→ **Work order**
Please write out all the data exactly as shown.

→ **Extracted entries**

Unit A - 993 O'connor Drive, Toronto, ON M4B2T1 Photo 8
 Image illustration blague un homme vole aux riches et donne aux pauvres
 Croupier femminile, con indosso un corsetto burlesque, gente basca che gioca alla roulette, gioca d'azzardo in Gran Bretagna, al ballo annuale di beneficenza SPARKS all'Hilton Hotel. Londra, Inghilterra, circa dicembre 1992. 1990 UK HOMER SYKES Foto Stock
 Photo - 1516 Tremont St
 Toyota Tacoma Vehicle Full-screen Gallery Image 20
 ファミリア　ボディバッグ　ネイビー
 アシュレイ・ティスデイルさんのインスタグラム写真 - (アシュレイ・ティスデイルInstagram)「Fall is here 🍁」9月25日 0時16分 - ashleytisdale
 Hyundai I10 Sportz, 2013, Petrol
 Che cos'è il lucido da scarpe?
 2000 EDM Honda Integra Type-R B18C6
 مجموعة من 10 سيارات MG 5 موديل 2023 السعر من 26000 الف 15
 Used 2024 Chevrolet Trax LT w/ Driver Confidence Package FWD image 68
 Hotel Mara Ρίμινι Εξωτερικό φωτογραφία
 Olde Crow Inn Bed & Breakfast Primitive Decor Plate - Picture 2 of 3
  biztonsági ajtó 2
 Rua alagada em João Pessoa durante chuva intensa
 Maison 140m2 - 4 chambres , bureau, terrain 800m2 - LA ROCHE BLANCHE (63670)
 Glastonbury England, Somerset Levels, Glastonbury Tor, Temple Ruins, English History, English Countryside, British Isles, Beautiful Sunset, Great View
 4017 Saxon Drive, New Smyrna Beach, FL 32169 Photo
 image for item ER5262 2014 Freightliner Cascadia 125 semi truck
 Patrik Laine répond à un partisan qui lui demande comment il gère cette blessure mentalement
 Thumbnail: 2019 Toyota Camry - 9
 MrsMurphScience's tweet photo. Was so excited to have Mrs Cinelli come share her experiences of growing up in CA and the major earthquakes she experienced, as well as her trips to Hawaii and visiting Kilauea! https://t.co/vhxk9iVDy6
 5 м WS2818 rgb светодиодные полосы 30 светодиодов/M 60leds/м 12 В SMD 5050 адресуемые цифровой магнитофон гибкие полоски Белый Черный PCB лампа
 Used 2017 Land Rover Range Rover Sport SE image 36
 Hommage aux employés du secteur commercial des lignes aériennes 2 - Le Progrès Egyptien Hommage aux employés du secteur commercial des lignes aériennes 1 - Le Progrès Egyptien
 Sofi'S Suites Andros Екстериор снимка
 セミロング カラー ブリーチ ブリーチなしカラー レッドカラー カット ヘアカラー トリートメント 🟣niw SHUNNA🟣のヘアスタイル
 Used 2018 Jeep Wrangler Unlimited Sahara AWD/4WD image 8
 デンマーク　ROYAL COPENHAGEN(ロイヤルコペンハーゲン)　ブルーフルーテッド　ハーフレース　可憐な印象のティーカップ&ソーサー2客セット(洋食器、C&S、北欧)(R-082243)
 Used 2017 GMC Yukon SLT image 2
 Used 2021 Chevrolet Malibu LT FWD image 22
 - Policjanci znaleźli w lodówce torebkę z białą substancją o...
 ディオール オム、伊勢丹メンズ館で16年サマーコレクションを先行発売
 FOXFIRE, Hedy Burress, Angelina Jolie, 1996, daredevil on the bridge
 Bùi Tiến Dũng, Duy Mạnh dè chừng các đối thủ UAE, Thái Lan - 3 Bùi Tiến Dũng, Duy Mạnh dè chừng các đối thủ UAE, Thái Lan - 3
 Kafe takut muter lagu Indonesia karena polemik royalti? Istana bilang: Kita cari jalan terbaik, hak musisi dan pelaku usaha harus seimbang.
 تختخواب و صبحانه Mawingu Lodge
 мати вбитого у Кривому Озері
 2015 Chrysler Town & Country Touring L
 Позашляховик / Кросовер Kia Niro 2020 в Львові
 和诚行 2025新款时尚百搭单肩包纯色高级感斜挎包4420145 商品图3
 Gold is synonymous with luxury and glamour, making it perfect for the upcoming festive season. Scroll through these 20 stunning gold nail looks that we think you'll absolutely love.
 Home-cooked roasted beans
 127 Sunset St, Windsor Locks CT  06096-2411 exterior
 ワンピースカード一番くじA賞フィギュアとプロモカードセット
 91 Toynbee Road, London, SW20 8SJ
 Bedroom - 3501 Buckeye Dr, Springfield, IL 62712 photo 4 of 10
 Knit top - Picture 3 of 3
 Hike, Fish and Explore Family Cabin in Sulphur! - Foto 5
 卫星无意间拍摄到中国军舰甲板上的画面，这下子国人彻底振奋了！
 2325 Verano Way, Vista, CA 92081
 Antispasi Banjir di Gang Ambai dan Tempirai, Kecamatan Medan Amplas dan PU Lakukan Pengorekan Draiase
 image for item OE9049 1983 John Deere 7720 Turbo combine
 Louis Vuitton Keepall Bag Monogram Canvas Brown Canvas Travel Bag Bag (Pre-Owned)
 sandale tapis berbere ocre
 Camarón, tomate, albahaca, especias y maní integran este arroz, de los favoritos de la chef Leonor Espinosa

→ **Reply to the task**
Unit A - 993 O'connor Drive, Toronto, ON M4B2T1 Photo 8
 Image illustration blague un homme vole aux riches et donne aux pauvres
 Croupier femminile, con indosso un corsetto burlesque, gente basca che gioca alla roulette, gioca d'azzardo in Gran Bretagna, al ballo annuale di beneficenza SPARKS all'Hilton Hotel. Londra, Inghilterra, circa dicembre 1992. 1990 UK HOMER SYKES Foto Stock
 Photo - 1516 Tremont St
 Toyota Tacoma Vehicle Full-screen Gallery Image 20
 ファミリア　ボディバッグ　ネイビー
 アシュレイ・ティスデイルさんのインスタグラム写真 - (アシュレイ・ティスデイルInstagram)「Fall is here 🍁」9月25日 0時16分 - ashleytisdale
 Hyundai I10 Sportz, 2013, Petrol
 Che cos'è il lucido da scarpe?
 2000 EDM Honda Integra Type-R B18C6
 مجموعة من 10 سيارات MG 5 موديل 2023 السعر من 26000 الف 15
 Used 2024 Chevrolet Trax LT w/ Driver Confidence Package FWD image 68
 Hotel Mara Ρίμινι Εξωτερικό φωτογραφία
 Olde Crow Inn Bed & Breakfast Primitive Decor Plate - Picture 2 of 3
  biztonsági ajtó 2
 Rua alagada em João Pessoa durante chuva intensa
 Maison 140m2 - 4 chambres , bureau, terrain 800m2 - LA ROCHE BLANCHE (63670)
 Glastonbury England, Somerset Levels, Glastonbury Tor, Temple Ruins, English History, English Countryside, British Isles, Beautiful Sunset, Great View
 4017 Saxon Drive, New Smyrna Beach, FL 32169 Photo
 image for item ER5262 2014 Freightliner Cascadia 125 semi truck
 Patrik Laine répond à un partisan qui lui demande comment il gère cette blessure mentalement
 Thumbnail: 2019 Toyota Camry - 9
 MrsMurphScience's tweet photo. Was so excited to have Mrs Cinelli come share her experiences of growing up in CA and the major earthquakes she experienced, as well as her trips to Hawaii and visiting Kilauea! https://t.co/vhxk9iVDy6
 5 м WS2818 rgb светодиодные полосы 30 светодиодов/M 60leds/м 12 В SMD 5050 адресуемые цифровой магнитофон гибкие полоски Белый Черный PCB лампа
 Used 2017 Land Rover Range Rover Sport SE image 36
 Hommage aux employés du secteur commercial des lignes aériennes 2 - Le Progrès Egyptien Hommage aux employés du secteur commercial des lignes aériennes 1 - Le Progrès Egyptien
 Sofi'S Suites Andros Екстериор снимка
 セミロング カラー ブリーチ ブリーチなしカラー レッドカラー カット ヘアカラー トリートメント 🟣niw SHUNNA🟣のヘアスタイル
 Used 2018 Jeep Wrangler Unlimited Sahara AWD/4WD image 8
 デンマーク　ROYAL COPENHAGEN(ロイヤルコペンハーゲン)　ブルーフルーテッド　ハーフレース　可憐な印象のティーカップ&ソーサー2客セット(洋食器、C&S、北欧)(R-082243)
 Used 2017 GMC Yukon SLT image 2
 Used 2021 Chevrolet Malibu LT FWD image 22
 - Policjanci znaleźli w lodówce torebkę z białą substancją o...
 ディオール オム、伊勢丹メンズ館で16年サマーコレクションを先行発売
 FOXFIRE, Hedy Burress, Angelina Jolie, 1996, daredevil on the bridge
 Bùi Tiến Dũng, Duy Mạnh dè chừng các đối thủ UAE, Thái Lan - 3 Bùi Tiến Dũng, Duy Mạnh dè chừng các đối thủ UAE, Thái Lan - 3
 Kafe takut muter lagu Indonesia karena polemik royalti? Istana bilang: Kita cari jalan terbaik, hak musisi dan pelaku usaha harus seimbang.
 تختخواب و صبحانه Mawingu Lodge
 мати вбитого у Кривому Озері
 2015 Chrysler Town & Country Touring L
 Позашляховик / Кросовер Kia Niro 2020 в Львові
 和诚行 2025新款时尚百搭单肩包纯色高级感斜挎包4420145 商品图3
 Gold is synonymous with luxury and glamour, making it perfect for the upcoming festive season. Scroll through these 20 stunning gold nail looks that we think you'll absolutely love.
 Home-cooked roasted beans
 127 Sunset St, Windsor Locks CT  06096-2411 exterior
 ワンピースカード一番くじA賞フィギュアとプロモカードセット
 91 Toynbee Road, London, SW20 8SJ
 Bedroom - 3501 Buckeye Dr, Springfield, IL 62712 photo 4 of 10
 Knit top - Picture 3 of 3
 Hike, Fish and Explore Family Cabin in Sulphur! - Foto 5
 卫星无意间拍摄到中国军舰甲板上的画面，这下子国人彻底振奋了！
 2325 Verano Way, Vista, CA 92081
 Antispasi Banjir di Gang Ambai dan Tempirai, Kecamatan Medan Amplas dan PU Lakukan Pengorekan Draiase
 image for item OE9049 1983 John Deere 7720 Turbo combine
 Louis Vuitton Keepall Bag Monogram Canvas Brown Canvas Travel Bag Bag (Pre-Owned)
 sandale tapis berbere ocre
 Camarón, tomate, albahaca, especias y maní integran este arroz, de los favoritos de la chef Leonor Espinosa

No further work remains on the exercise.